▶ Directions for this task
Reproduce, exactly and only, the lines of the data that follows from the one containing "Hiking Pack Glass Ornament" down to the one containing "AK Geldschein 50", without pictures.

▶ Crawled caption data
/---
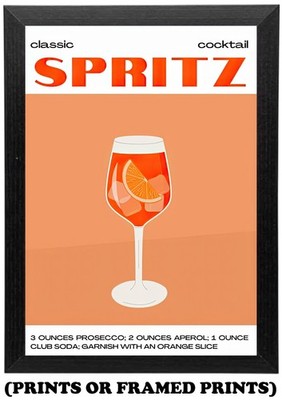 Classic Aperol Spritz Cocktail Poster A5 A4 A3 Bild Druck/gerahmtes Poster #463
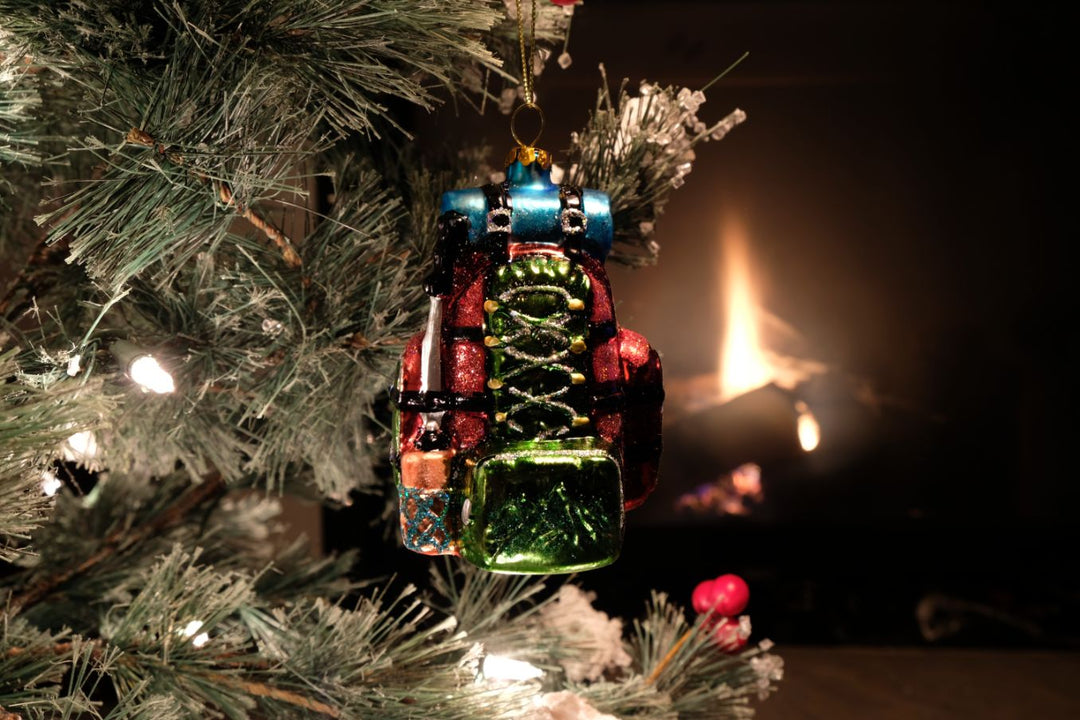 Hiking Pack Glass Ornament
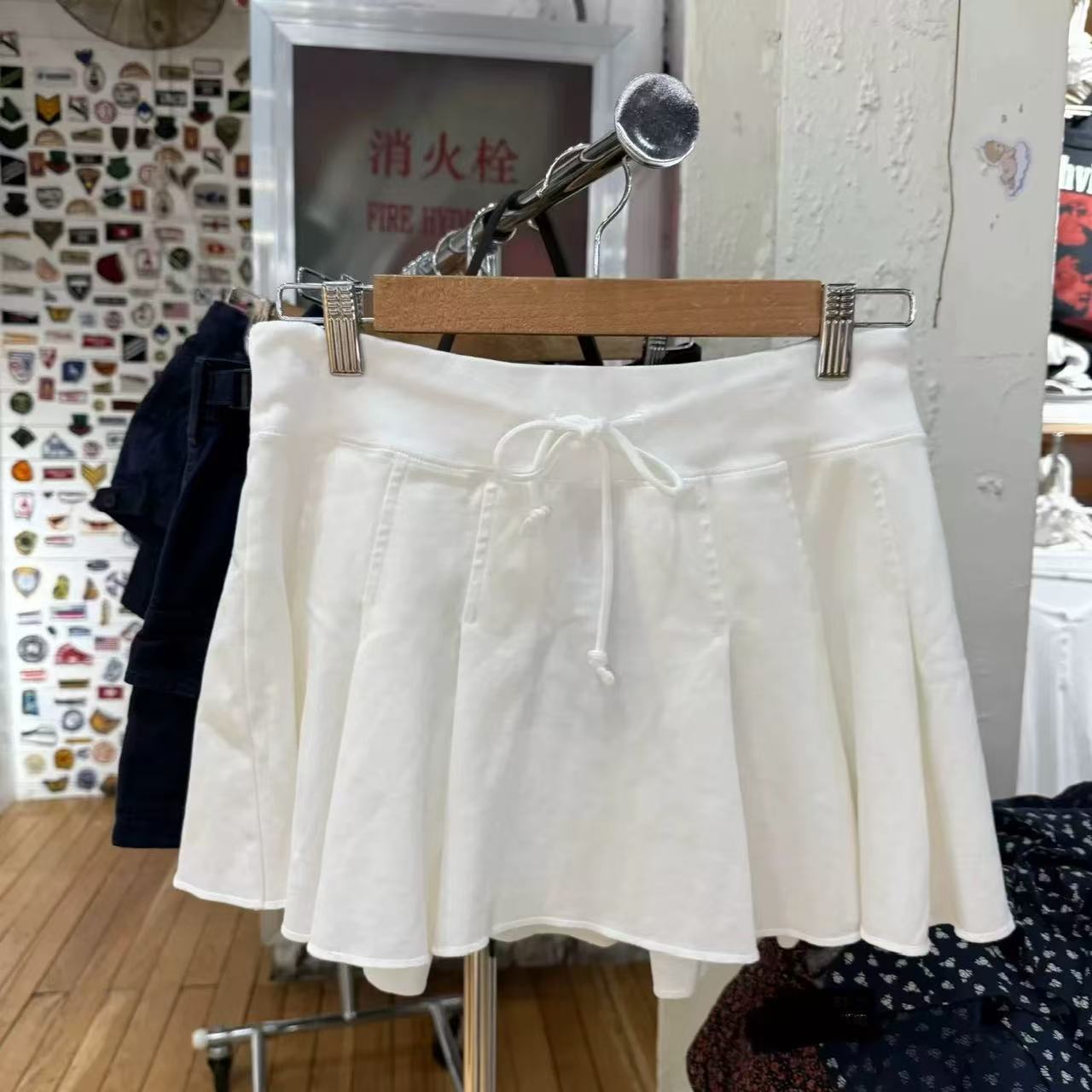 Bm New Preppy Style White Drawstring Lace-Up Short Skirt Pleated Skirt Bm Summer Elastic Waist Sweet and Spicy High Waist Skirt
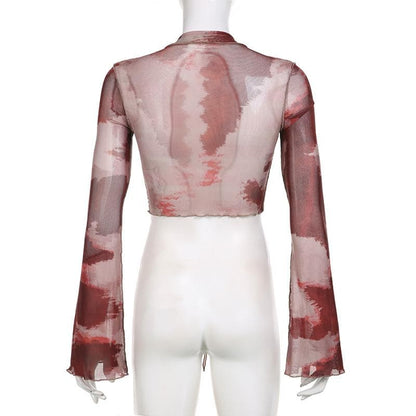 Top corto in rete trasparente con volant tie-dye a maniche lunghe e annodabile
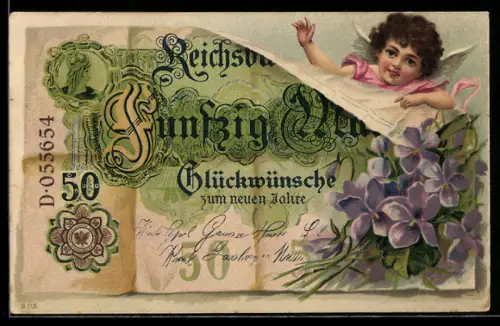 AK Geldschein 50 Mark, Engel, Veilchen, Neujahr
\---
/---
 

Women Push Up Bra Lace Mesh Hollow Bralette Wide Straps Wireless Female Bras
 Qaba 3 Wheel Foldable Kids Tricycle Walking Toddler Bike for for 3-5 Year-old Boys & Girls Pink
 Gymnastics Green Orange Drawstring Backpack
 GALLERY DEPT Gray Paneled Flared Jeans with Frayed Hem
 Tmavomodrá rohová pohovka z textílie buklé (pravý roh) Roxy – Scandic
\---
▶ Exercise answer
 Hiking Pack Glass Ornament
 Bm New Preppy Style White Drawstring Lace-Up Short Skirt Pleated Skirt Bm Summer Elastic Waist Sweet and Spicy High Waist Skirt
 Top corto in rete trasparente con volant tie-dye a maniche lunghe e annodabile
 AK Geldschein 50 Mark, Engel, Veilchen, Neujahr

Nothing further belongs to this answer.